J’ai grandi avec cette idée relativement simpliste qu’il y aurait deux types de rappeurs. Et que ces deux rappeurs-types seraient deux mecs qui se chamailleraient sans jamais pouvoir s’entendre, notamment sur le terrain des paroles. Que pour l’un, les textes comptaient vraiment, et que pour l’autre on pouvait presque s’en passer, ou du moins se concentrer sur le son des mots, leur signifiant, leur texture purement musicale – citons l’exemple (consensuel) de Wonder Mike en ouverture de « Rapper’s Delight » : « I said a hip-hop, the hippie, the hippie/To the hip, hip-hop and you don’t stop the rockin’/To the bang-bang boogie, say up jump the boogie/To the rhythm of the boogie, the beat ».
Dans la première catégorie, il y aurait encore deux branches : les réalistes d’un côté, et les stylistes de l’autre. Ou selon les terminologies usuelles, d’un côté un rap qui serait conscient, donc solidement ancré dans une réalité dont le texte serait comme le témoignage, sans métaphores : par exemple, le couplet de stic.man de dead prez sur le morceau « They School » où il se remémore des souvenirs d’adolescence à l’aide d’images (« Front row, every day of the week, 3rd period »), de marqueurs temporels (« Right around the time 3rd Bass dropped the Cactus Album ») et spatiaux (« I got my diploma from a school called Rickards ») extrêmement aiguisés. Et puis d’un autre côté il y aurait donc ce rap de stylistes, à qui on n’accorde pas toujours ce titre de clairvoyance sous prétexte qu’il serait abstrait, opaque et gazeux à la fois, et dont le matériau principal serait la fabulation, le délire, ou le chimérique, du genre Kool Keith qui se vit en gynécologue crapuleux sous son alias Dr. Octagon.
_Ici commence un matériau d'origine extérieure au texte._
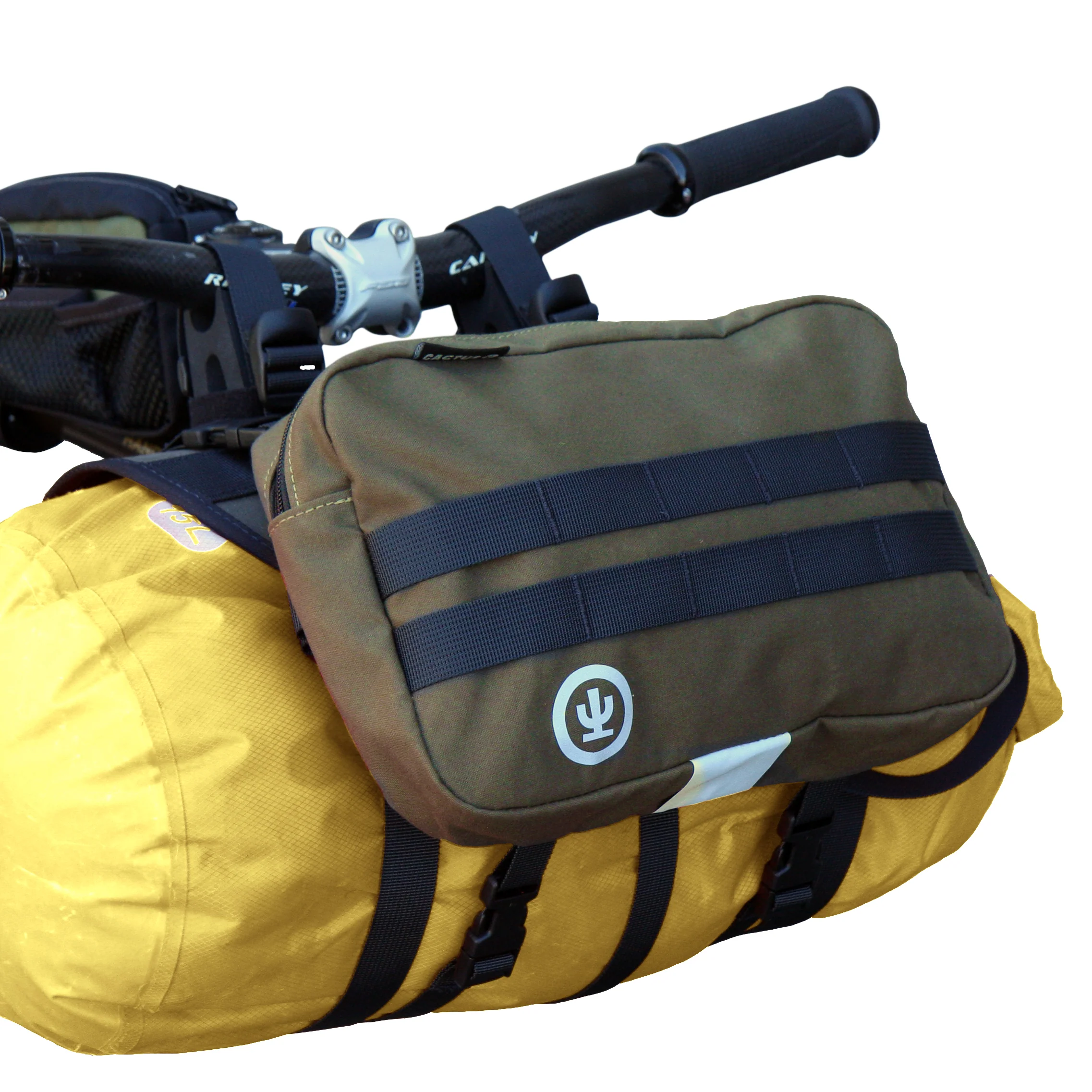 Glove Box - Bike Pack - Image 7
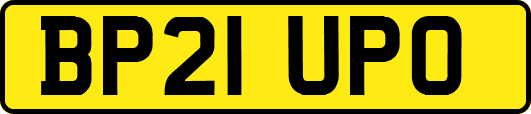 BP21UPO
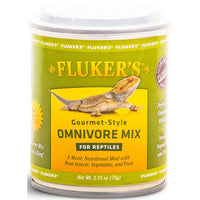 Gourmet Canned Omnivore Mix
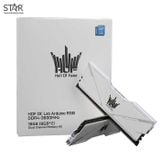  Ram DDR4 GALAX 16G/3600 Hall Of Fame HOF OC Lab Arduino RGB (2x 8GB) (HOF4CRL4BST3600U17LD162CL) 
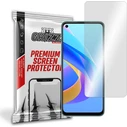 GrizzGlass HybridGlass Oppo A76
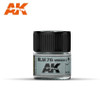 AK Interactive Real Colors: RLM 76 Version 2 - 10ml RC321 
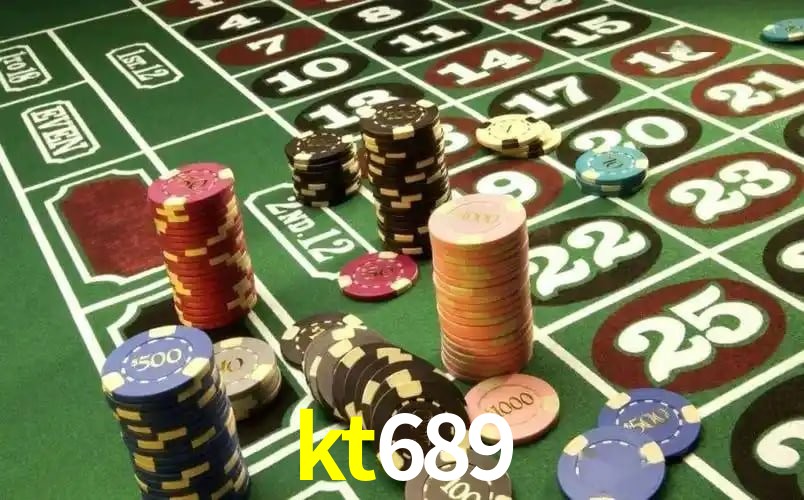 Estatísticas do Jogo kt689
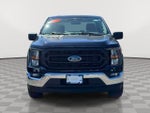 2023 F-150 Thumbnail 2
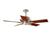 Hunter 28171 Etruscan Chamois Ceiling Fan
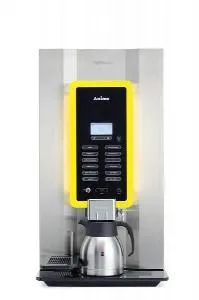 Кофемашина Animo Optifresh 4Ng 1004714 автоматическая – купить по цене завода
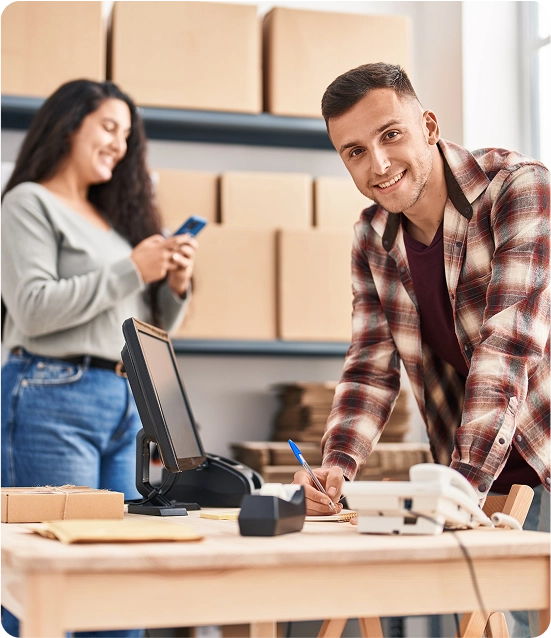 Retail Insurance For Franchise Owners - Oegema, Nicholson & Associates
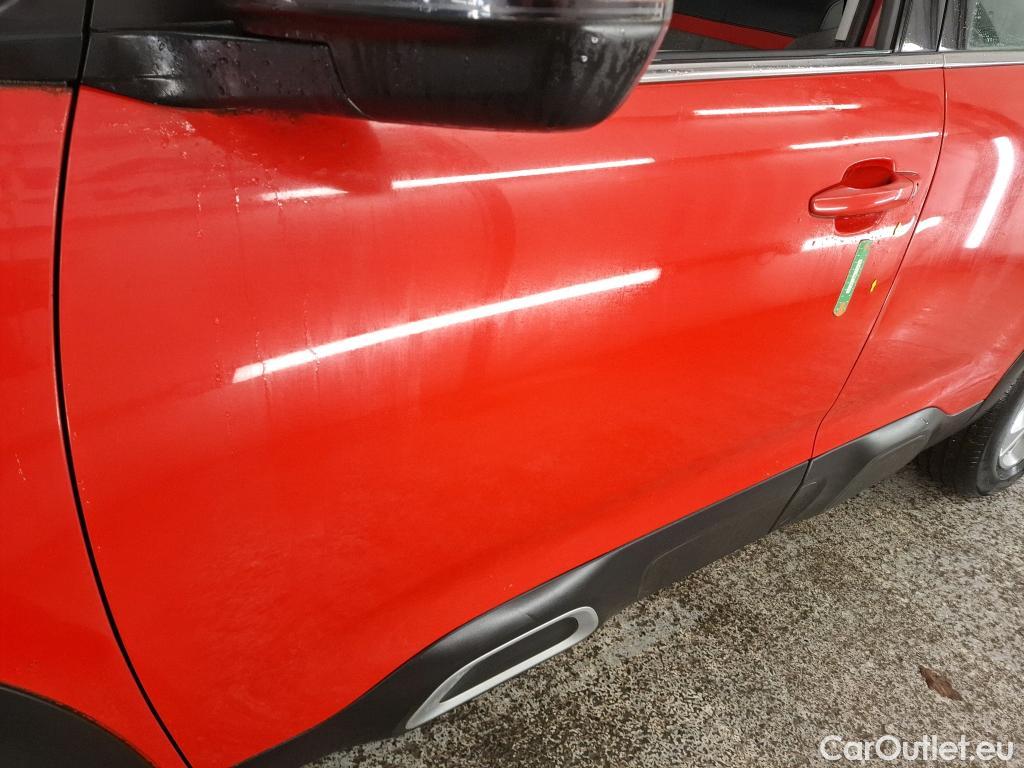  Citroen  C5  Aircross Business 1.5 BlueHDi 130CV BVA8 E6dT #3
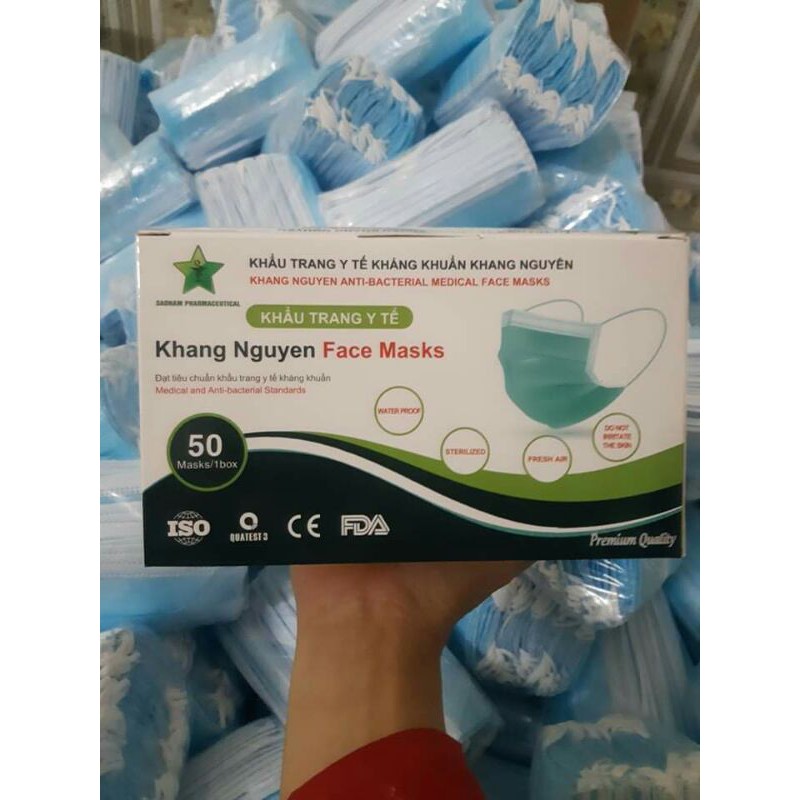 HỘP 50C KTYT 4 LỚP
Pour bon nombre d’observateurs, il s’agit souvent de débusquer les vrais rappeurs des faux rappeurs, ceux à qui c’est arrivé pour de vrai, de ceux qui font franchement genre et sont dans la fiction pure. Et je me dis que c’est quand même fou cette façon dont l’élection de la musique comme simple hobby (ou raison de vivre) peut parfois transformer des gens normaux, et plutôt sympas dans la vie de tous les jours, en inspecteurs des travaux finis, voire en flics mentaux qui passent leur temps à vérifier que ce qu’ils entendent est bien conforme à ce qui a été vendu et posé sur plan, comme si les rappeurs leur devaient quelque chose. C’est fou comme la simple appréciation doit passer par une expertise des plus approximatives au regard de ce qui est perçu comme un édifice assimilable et réductible à une formule. Et comme c’est dur, parce que long, de se défaire de cet œil procédurier pour apprendre à écouter la musique un peu autrement.
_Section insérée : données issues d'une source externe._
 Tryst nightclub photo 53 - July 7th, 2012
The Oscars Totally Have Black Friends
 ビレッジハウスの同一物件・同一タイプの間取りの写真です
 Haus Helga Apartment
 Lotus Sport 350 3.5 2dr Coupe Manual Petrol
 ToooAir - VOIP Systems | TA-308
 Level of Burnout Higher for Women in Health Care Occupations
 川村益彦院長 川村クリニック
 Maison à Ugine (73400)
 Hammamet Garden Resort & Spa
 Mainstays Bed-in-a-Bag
Ce compartimentage me paraît bel et bien stérile parce que n’importe quel enregistrement est déjà une digestion, une mise à distance d’une certaine réalité, aussi « vraie » puisse-t-elle être. Et aussi parce qu’en tant qu’auditrice je me rends compte que même lorsqu’il s’agit de rap « à textes », je me concentre autant sur le « sens » que sur une série d’à-côtés, des effets de prosodie, la manière dont des accents sont marqués sur certains mots, les tics et leurs effets sur le corps, l’aspect plus manifestement « musical » du rap (qui de toute façon ne disparaît jamais vraiment juste parce qu’un artiste conscient l’aurait décidé, de la même manière que chez Wonder Mike, ou Playboi Carti, les mots gardent ne serait-ce que résiduellement leur sens courant), de manière à mieux assumer le fait de ne pas toujours chercher à comprendre, ou de chercher à relate (ce serait pas décent) à ce qui serait raconté tout en lui concédant une profondeur intrinsèque.
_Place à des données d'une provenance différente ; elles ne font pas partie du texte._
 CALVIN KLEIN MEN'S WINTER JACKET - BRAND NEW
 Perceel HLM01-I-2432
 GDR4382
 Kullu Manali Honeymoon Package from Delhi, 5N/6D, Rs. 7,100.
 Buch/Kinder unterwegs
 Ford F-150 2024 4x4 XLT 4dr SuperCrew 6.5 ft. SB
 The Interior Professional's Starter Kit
Tant pis si cette référence fait tache mais il y a peu, j’ai relu le recueil Nœuds de vie de Julien Gracq, et dans ses mots à propos d’une impossible définition de la poésie j’ai vu quelque chose qui a résonné fortement avec la manière dont je perçois le rap. La mission de la poésie serait, selon Gracq, « de mettre en contact immédiat les séries matérielles et mentales les plus éloignées, et de préférence les plus incompatibles, non seulement aux yeux du bon sens vulgaire, mais à la lumière réfléchie de la dure expérience vitale [et ] (…) se présente ainsi (…) comme un court-circuit (…) qu’à partir du moment où l’on s’aventure au-delà du réseau de coordonnées construit par les sens ou par la mentalité logique asservie aux fins pratiques. »
Trois rappeurs me viennent à l’esprit pour illustrer cette idée d’une écoute de ces courts-circuits, qui dépasserait l’exigence cloisonnante de la « véracité ». Leurs exemples permettent durablement, me semble-t-il, de dépasser les clivages évoqués plus haut dans la manière de mettre en « contact immédiat » deux polarités.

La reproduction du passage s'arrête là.